Olgun domateste bol miktarda bulunan ve bir karoten maddesi olan likopen domatese kırmızı rengini veren maddedir, gözleri korumakta ve kanı zararlı maddelerden arındırarak dolaşımını hızlandırmakta, hücreleri serbest radikal hasarından korumakta, ultra viyole ışınlarına karşı korumaktadır.Likopenin kolesterol düşürücü özelliğe de bilinmektedir. Likopen maddesi domates piştikçe artmakta, vücutta gerektiğinde A vitaminine dönüşmektedir.

KESTANE

Kayıngiller familyasındandır. 20-25 m boyunda bir ağaçtır. Meyveleri kahverengi ve iridir. Potasyum, fosfor, magnezyum, klor, kalsiyum, demir ve sodyum mineralleri ile C, B1, B2 ve PP vitaminlerini içeriyor. Şeker, protein ve yağ açısından zengin olan kestanenin, 100 gramında 200 kalori bulunuyor. Nişasta, mineral tuz, özellikle potasyum ve diğer besinsel değerleriyle kestane, kış mevsiminin olumsuz şartlarına, fiziksel ve beyinsel yorgunluklara karşı oldukça etkili bir koruyucudur.

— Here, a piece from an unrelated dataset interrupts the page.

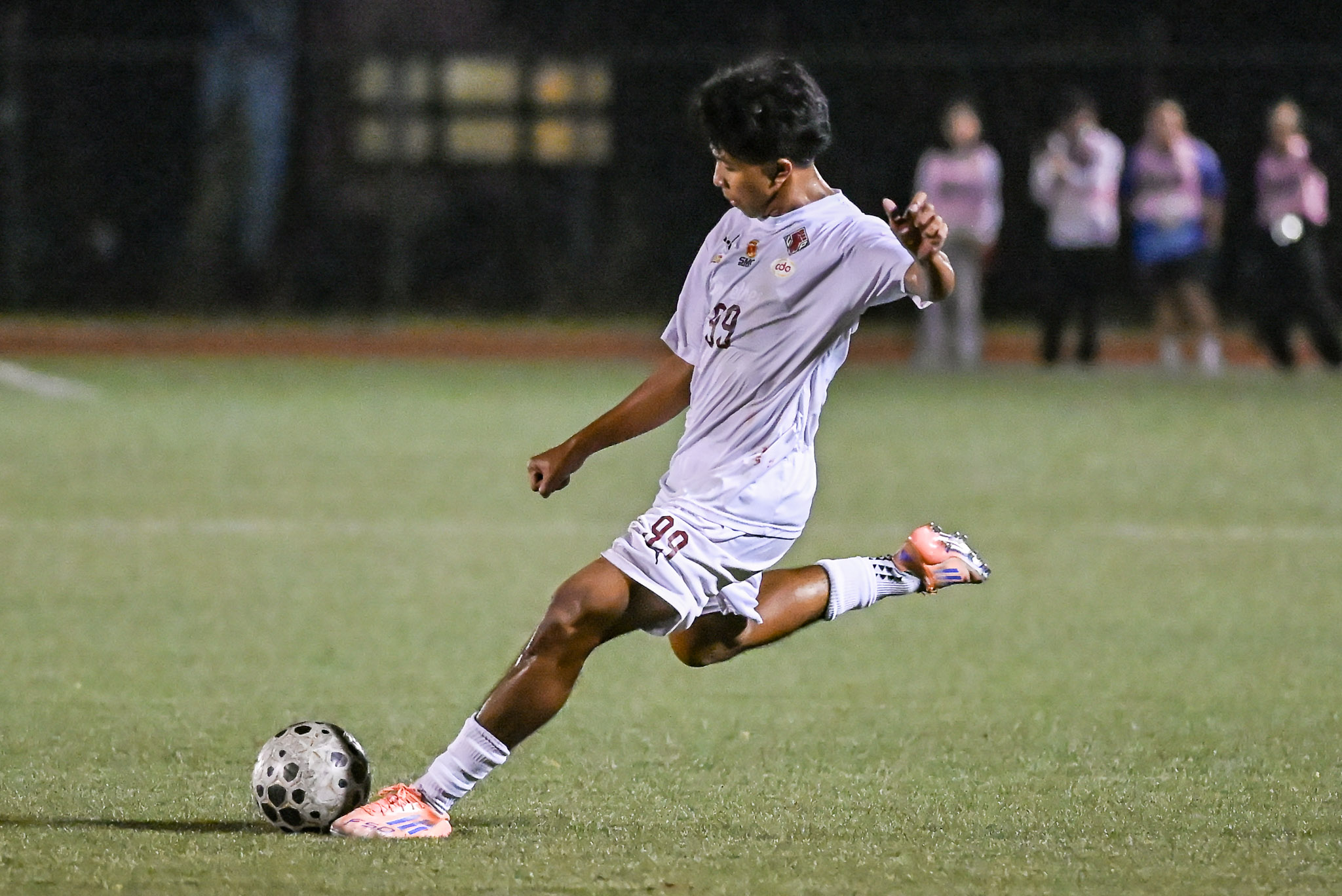 UAAP-88-MFB-DLSU-vs.-UP-Ramil-Bation-3813 John Gaverza brace propels La Salle past UP to UAAP Men's Football Final Four DLSU Football News UAAP UP - philippine sports news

Kalp ve kas sistemini uyarıp organizmanın su dengesini düzenliyor. Kasları güçlendiriyor. Kan dolaşımını hızlandırıp varis ve basurların gelişimini önlüyor. Kestane, en çok potasyum düşüklüğünden yakınanlara öneriliyor çünkü 100 gramında tam 500 mg potasyum bulunuyor. Çocuk, genç ve yaşlılar için çok değerli bir enerji kaynağı.